Presos que deveriam estar isolados do contato com a sociedade para que deixassem de ser um perigo, devido à desordem do sistema penitenciário, não só continuam suas atividades como muitas vezes as intensificam, pois se sentem protegidos dentro do sistema, onde muitas unidades determinam a separação de detentos de acordo com facções criminosas as quais declaram pertencer.

Porém, a continuação das atividades criminosas do detento não é a única consequência advinda desse caos, outro ponto sério criado pelos problemas estruturais e de superlotação é a disseminação de doenças entre os presos. Segundo estudo realizado pela Defensoria Pública do Estado do Rio de Janeiro, nunca se morreu tanto por doença dentro das unidades prisionais. Ainda no Rio, durante o ano de 2017, o número de mortes foi dez vezes maior que o número de mortes no ano de 1998, sendo 266 contra 26.

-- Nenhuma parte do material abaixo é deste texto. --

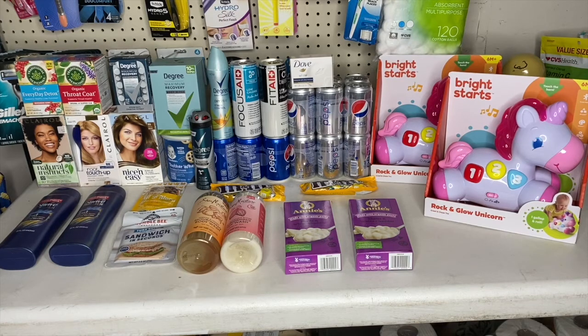Hey guys, welcome back to my channel. Thank you all so much for coming and clicking on the video. Today I went to Walmart and I tried to finish that Dublin $10 bonus — I had to get 40 rebates. With all this I finally reached it, and I also have some clearance stuff.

Neste período a população carcerária também cresceu, de 9000 presos para cerca de 53000. De acordo com os defensores públicos, a deficiência na prestação dos serviços de saúde é agravada pela superlotação e precariedade sanitária de muitas unidades e são as maiores responsáveis por essas mortes. Desse total de mortos em 2017, 53 morreram em decorrência de tuberculose, doença que é altamente contagiosa e que pode ser transmitida para os milhares de visitantes que semanalmente adentram o sistema para visitas, levando a doença para os locais onde residem.

Como observado, a situação das unidades prisionais tem consequências não só para os detentos como para aqueles que trabalham nesses locais.  Esse cenário também afeta diretamente a população que está do lado de fora, seja enquanto vítimas de crimes ordenados de dentro dos presídios ou quando contaminadas por pessoas que contraíram doenças de parentes presos.

A manutenção dessa tendência de crescimento do número de presos sem a criação de vagas, gera o descontrole dos presídios e a proliferação de doenças, até chegar o momento em que todos seremos vítimas desse processo de alguma maneira. A proposição “quanto pior melhor”, não é verdadeira. A sociedade precisa tratar a questão de outra forma a fim de impedir uma catástrofe futura.